India have written a letter to match referee Jeff Crowe complaining about the behaviour of the Australians.
Ishant Sharma's gesture was deemed "aggressive" by the ICC
It comes after the latest incident of a heated Test and one-day series saw Indian Ishant Sharma fined after being found guilty of aggressive behaviour.
Board of Control for Cricket in India (BCCI) secretary Niranjan Shah confirmed a letter had been written in the wake of Sunday's one-day match.
And he said: "Basically the Australian players are starting the whole thing."
Indian paceman Sharma pointed towards the dressing-rooms after dismissing Andrew Symonds during the match.
And Shah added: "I do not want our players to get into these type of things.
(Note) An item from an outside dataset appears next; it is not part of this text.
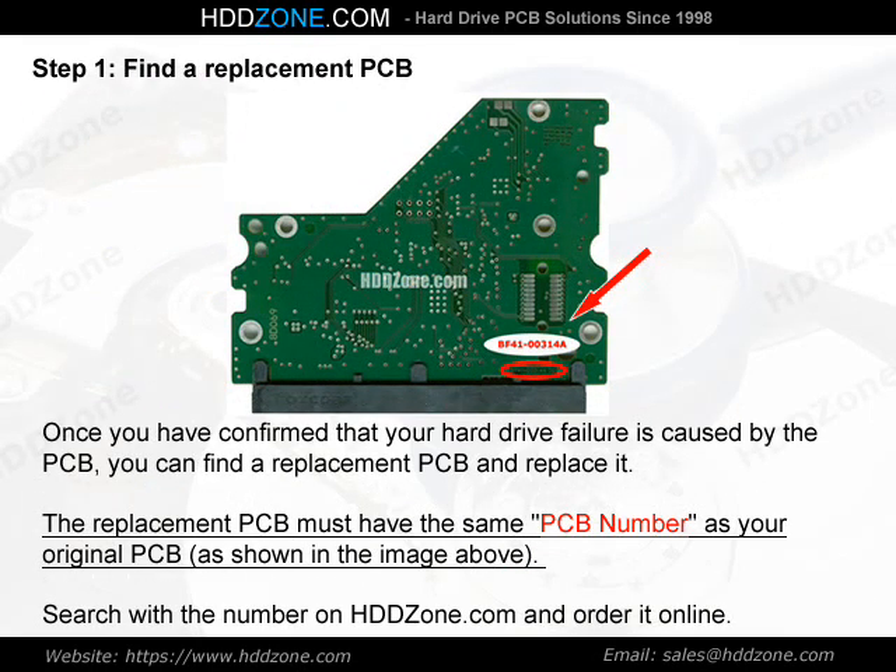Step 1: Find a Replacement PCB. Once you have confirmed that your hard drive failure is caused by the PCB, you can find a replacement PCB and replace it. The replacement PCB must have the same PCB number as your original PCB, as shown in the image above. Search with the number on HDDzone.com and order it online.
Everybody has recognised that this type of behaviour is not wanted
BCCI secretary Niranjan Shah
"The whole thing is started by the Australian players."
India paceman Sharma was fined 15% of his match fee for an "aggressive gesture" to Symonds in Sunday's match against Australia.
But match referee Crowe said: "Sharma may have been provoked and this was his first offence - hence the penalty was at the lower end of the scale."
India captain Mahendra Dhoni said that Sharma, 19, had been provoked by Symonds.
"He only reacted to what Symonds said to him," said Dhoni.
"If you're getting provoked then there are ways in which you can reply so you have to be careful about it.
"We have youngsters in the side who will learn all these arts."
India defeated Sri Lanka on Tuesday to seal their place in the best of three one-day CB Series final against Australia.
The matches will bring to a close a controversial tour of Australia by the Indian team.
The Test series was marred by controversy after spinner Harbhajan Singh was charged for allegedly racially abusing Symonds.
The off-spinner was later cleared of racial abuse but charged with using abusive language.
The BCCI proposed a complete ban last week on the use of offensive and abusive language at a meeting of the International Cricket Council's chief executive's committee.
The ICC subsequently agreed to adopt a zero-tolerance approach - and Shah added: "As we put to the ICC, there should not be any abusive language or sledging.
"I hope the ICC will start some process to stop this before it gets out of hand, through the ICC giving more power to the umpires on the field.
"I had a chat with Australia Cricket Board chief executive John Sutherland recently and we are both concerned with it.
"Everybody has recognised that this type of behaviour is not wanted."